### Available data
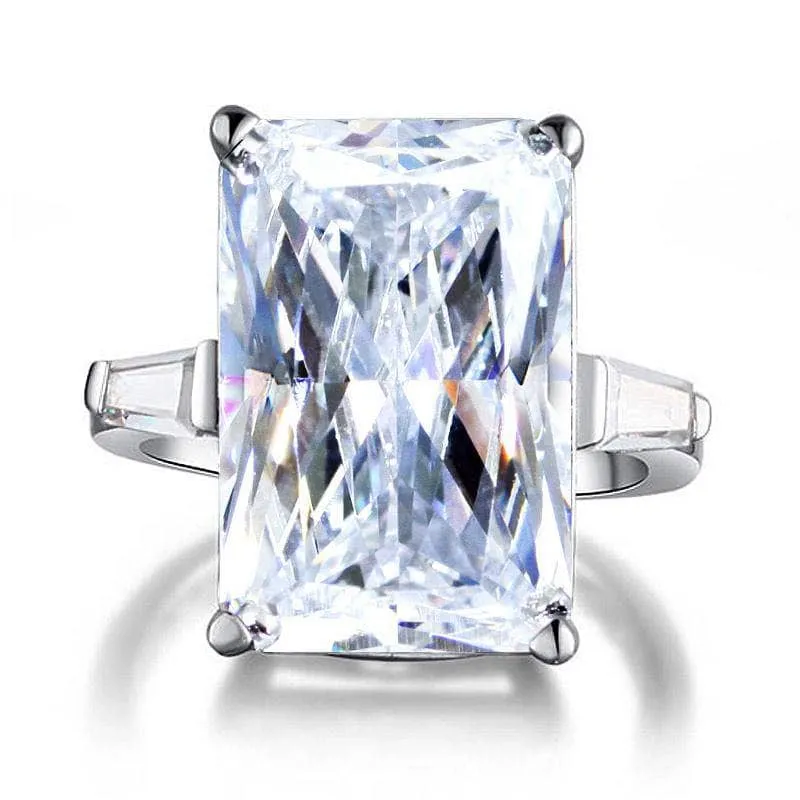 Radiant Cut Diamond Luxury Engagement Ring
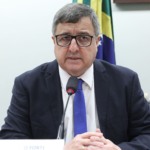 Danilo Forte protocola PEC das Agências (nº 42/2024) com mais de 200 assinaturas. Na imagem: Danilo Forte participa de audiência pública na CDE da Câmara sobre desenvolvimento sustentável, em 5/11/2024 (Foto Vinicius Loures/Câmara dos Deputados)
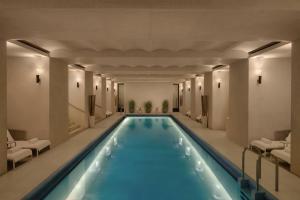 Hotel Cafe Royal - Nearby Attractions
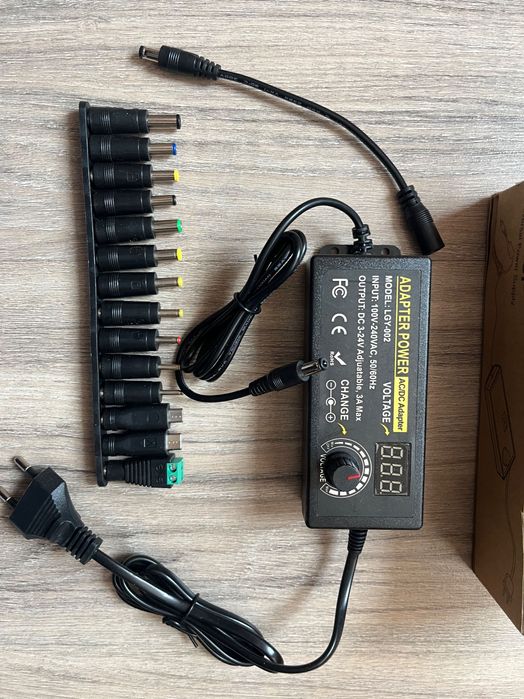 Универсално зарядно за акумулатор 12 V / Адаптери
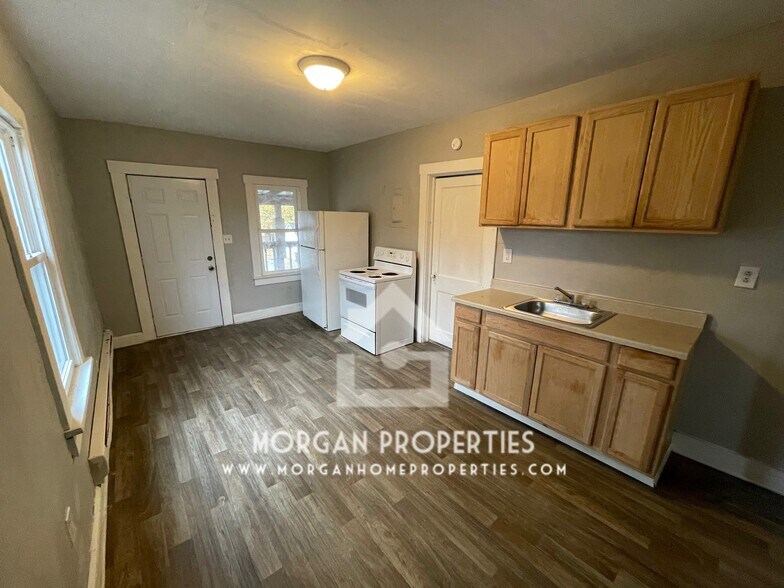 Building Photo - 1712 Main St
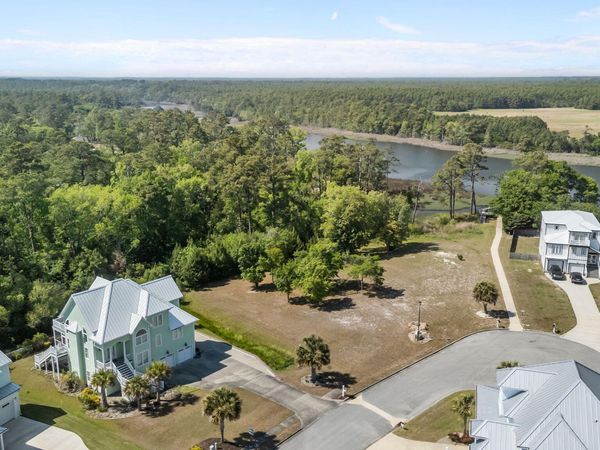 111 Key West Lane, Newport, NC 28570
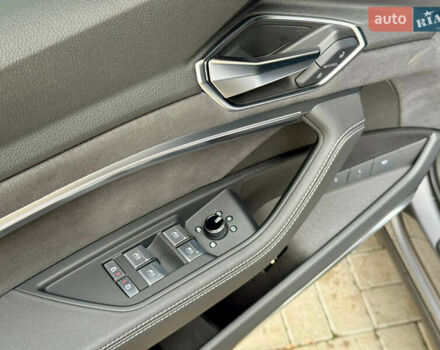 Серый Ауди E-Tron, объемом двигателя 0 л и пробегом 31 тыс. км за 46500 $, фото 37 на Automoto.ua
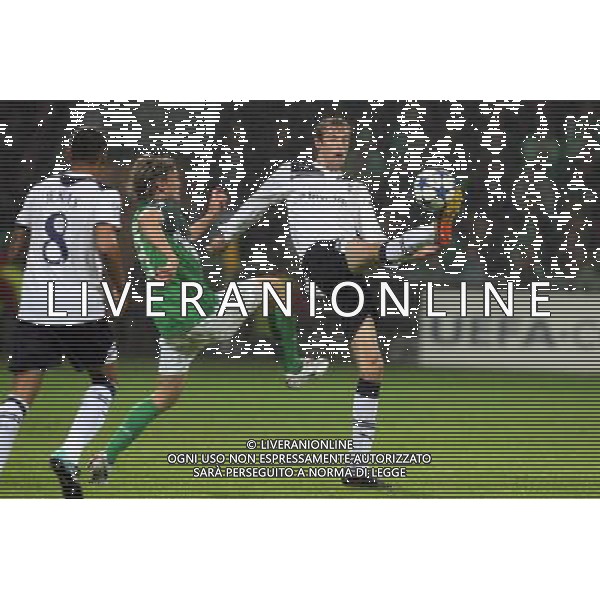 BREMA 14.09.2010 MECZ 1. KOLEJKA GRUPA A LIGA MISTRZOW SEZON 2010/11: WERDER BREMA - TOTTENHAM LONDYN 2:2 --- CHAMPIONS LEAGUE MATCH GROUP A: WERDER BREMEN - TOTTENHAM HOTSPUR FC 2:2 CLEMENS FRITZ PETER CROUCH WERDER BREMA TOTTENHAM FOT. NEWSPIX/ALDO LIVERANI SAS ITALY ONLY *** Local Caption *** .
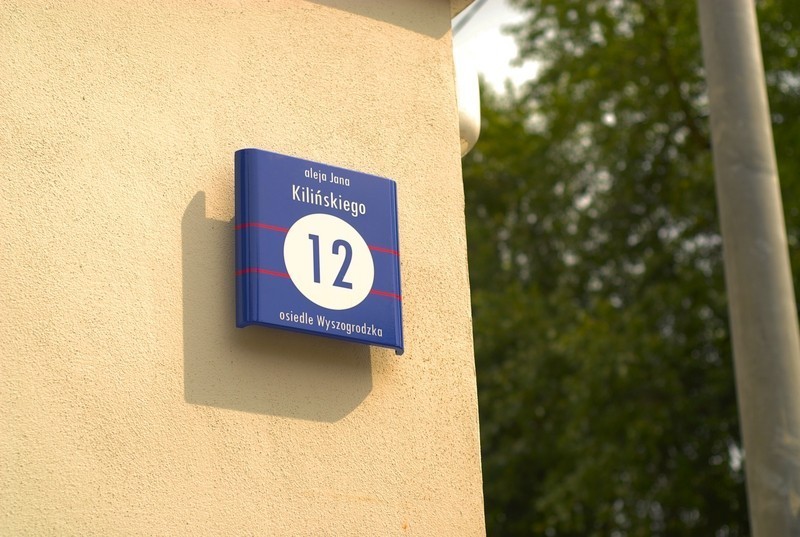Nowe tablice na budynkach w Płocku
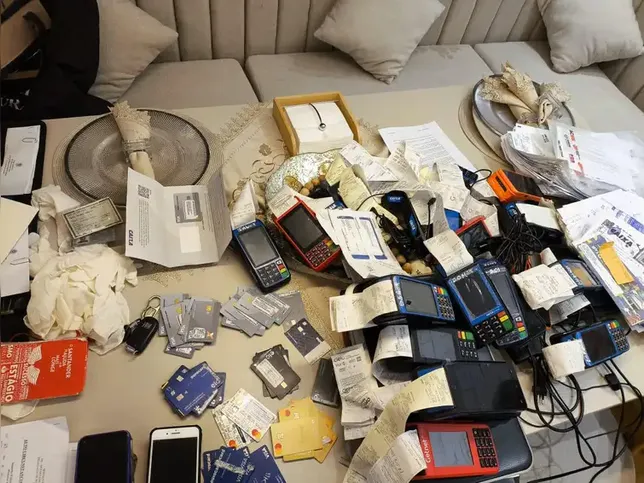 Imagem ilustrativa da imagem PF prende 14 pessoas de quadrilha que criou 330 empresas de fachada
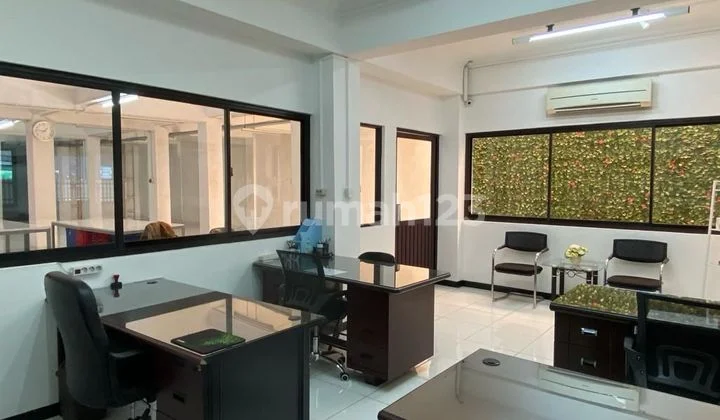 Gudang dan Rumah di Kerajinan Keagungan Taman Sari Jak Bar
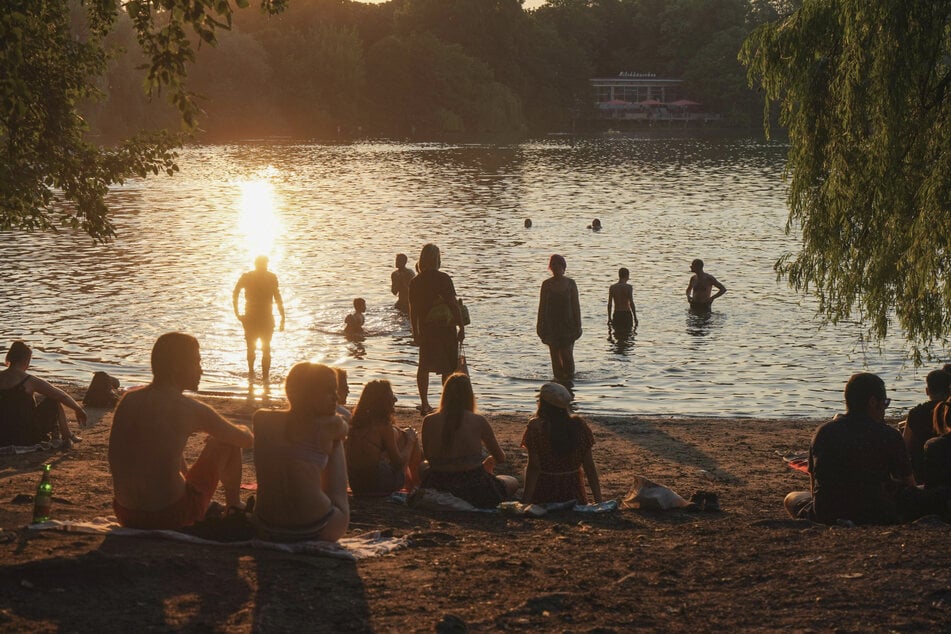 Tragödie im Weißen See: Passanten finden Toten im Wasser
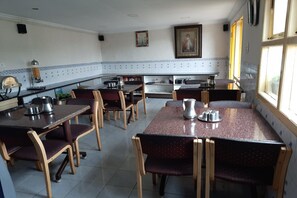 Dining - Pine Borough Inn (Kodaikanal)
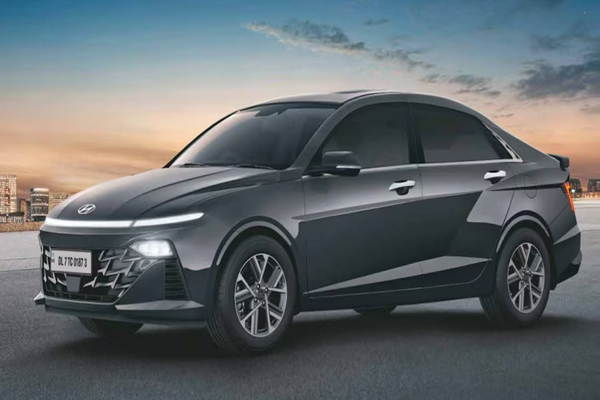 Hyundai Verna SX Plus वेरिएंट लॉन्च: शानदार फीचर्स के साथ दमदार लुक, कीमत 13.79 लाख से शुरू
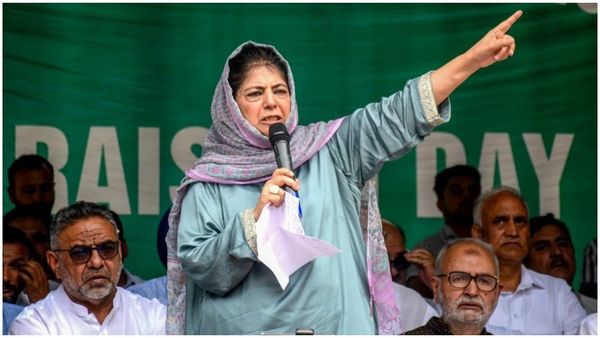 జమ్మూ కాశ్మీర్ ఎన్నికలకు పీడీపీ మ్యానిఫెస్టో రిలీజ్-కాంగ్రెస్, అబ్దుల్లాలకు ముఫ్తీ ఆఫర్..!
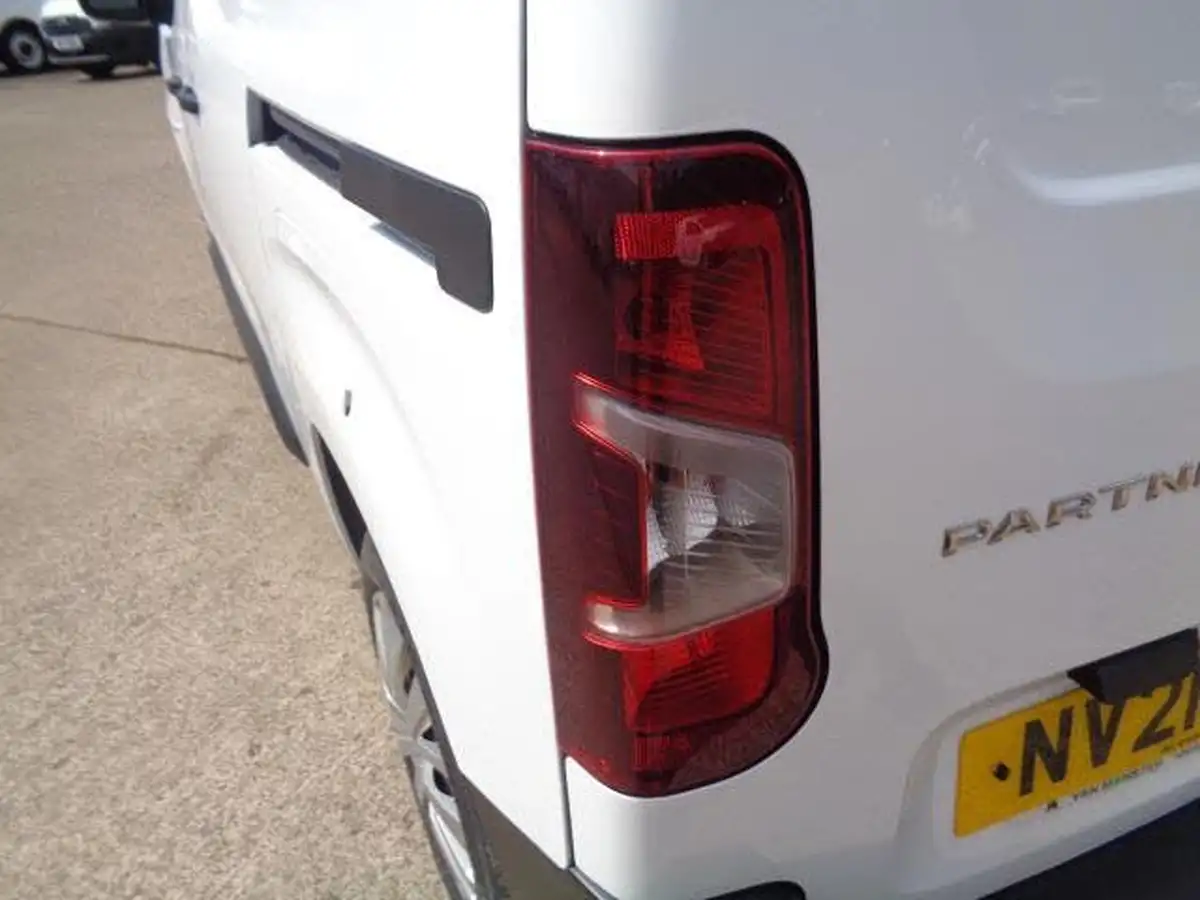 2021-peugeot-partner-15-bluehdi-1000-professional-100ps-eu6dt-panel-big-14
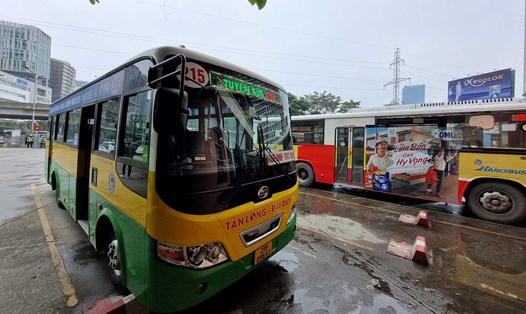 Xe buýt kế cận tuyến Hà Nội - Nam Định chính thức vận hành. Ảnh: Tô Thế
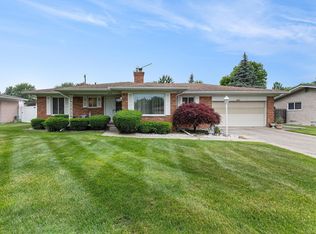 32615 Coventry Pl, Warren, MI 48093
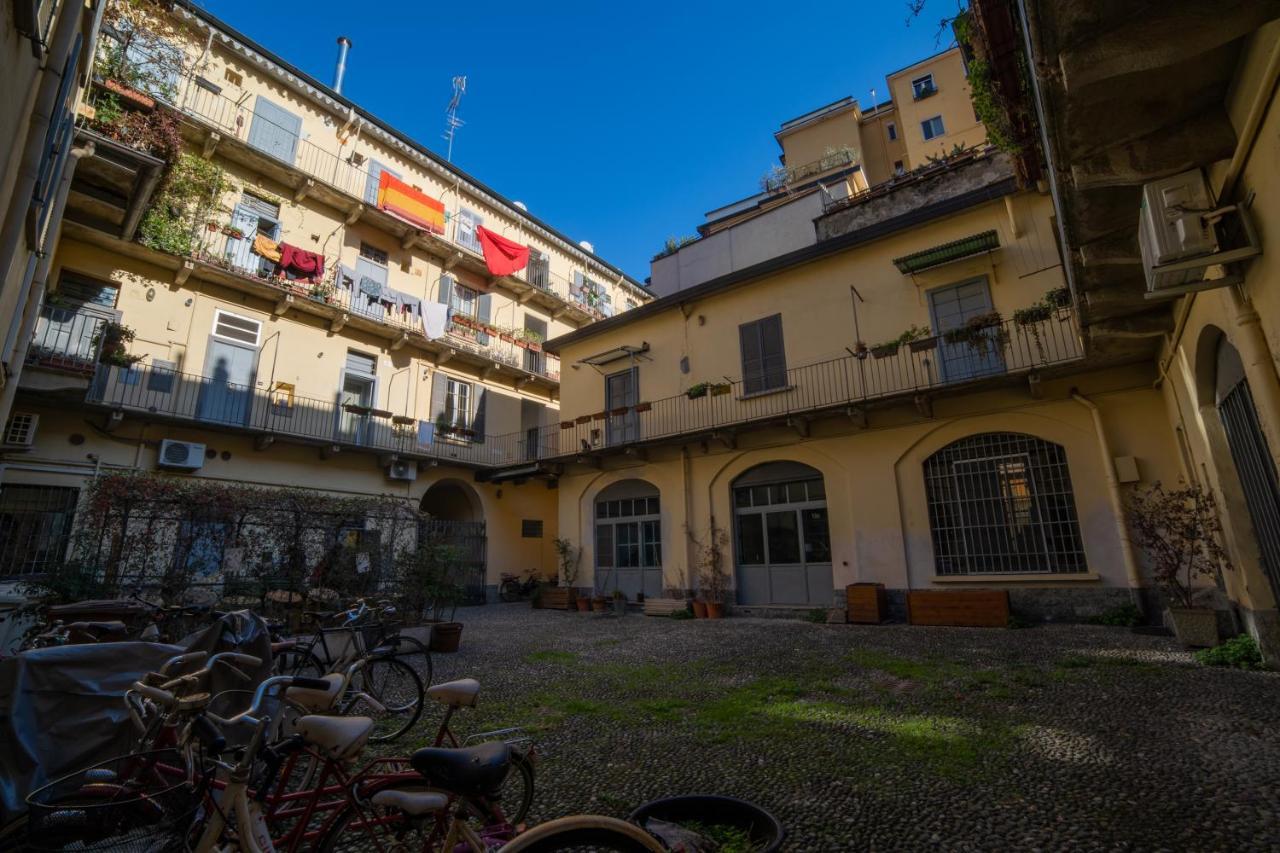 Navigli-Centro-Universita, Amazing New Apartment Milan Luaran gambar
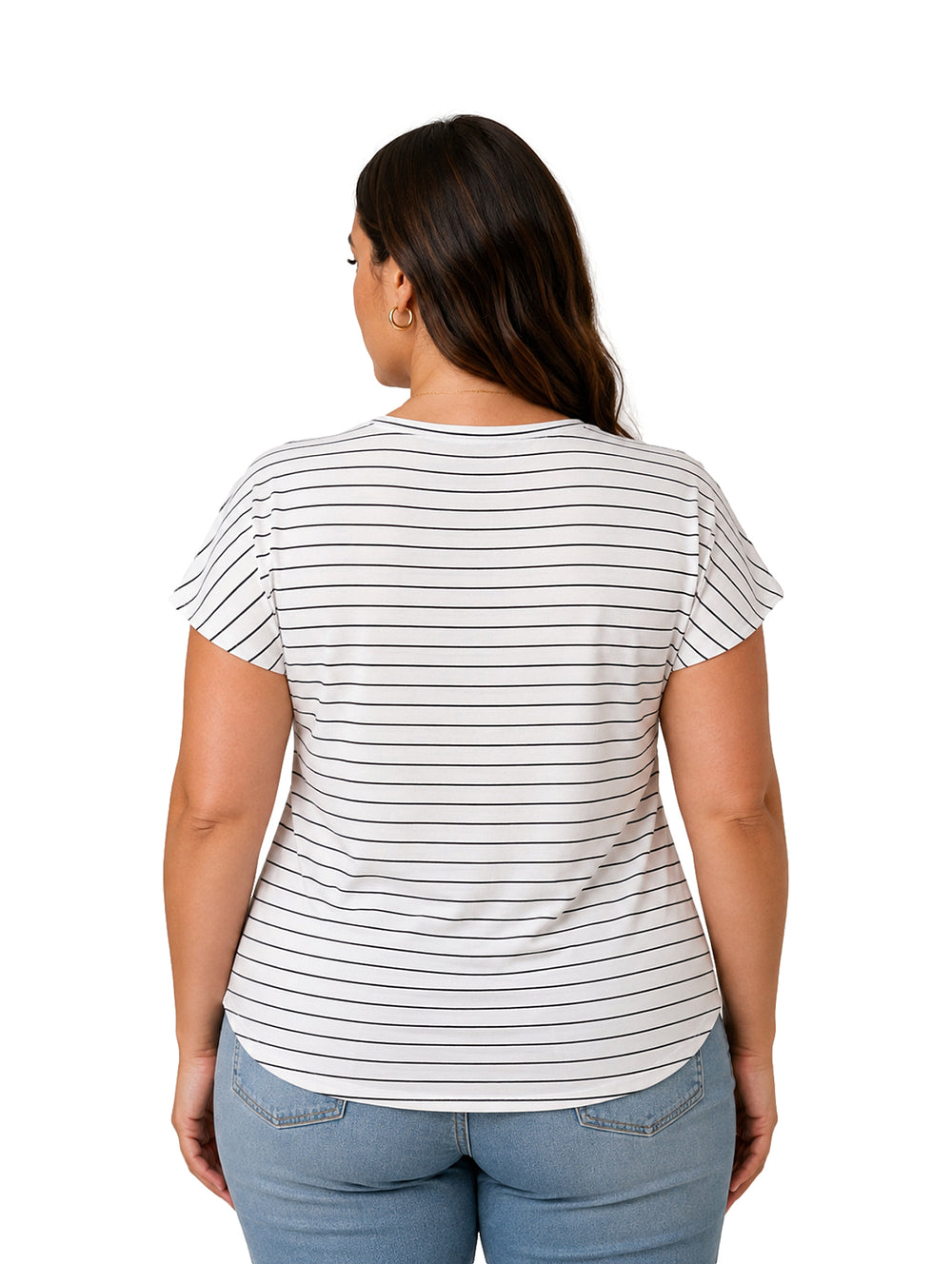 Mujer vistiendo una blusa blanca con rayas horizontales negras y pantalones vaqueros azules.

### Work task
How would the lines above read from the one with "Building Photo - 1712 Main St" to the one with "Серый Ауди E-Tron, объемом", inclusive, with no pictures? Write them out exactly.

### Task output
 Building Photo - 1712 Main St
 111 Key West Lane, Newport, NC 28570
 Серый Ауди E-Tron, объемом двигателя 0 л и пробегом 31 тыс. км за 46500 $, фото 37 на Automoto.ua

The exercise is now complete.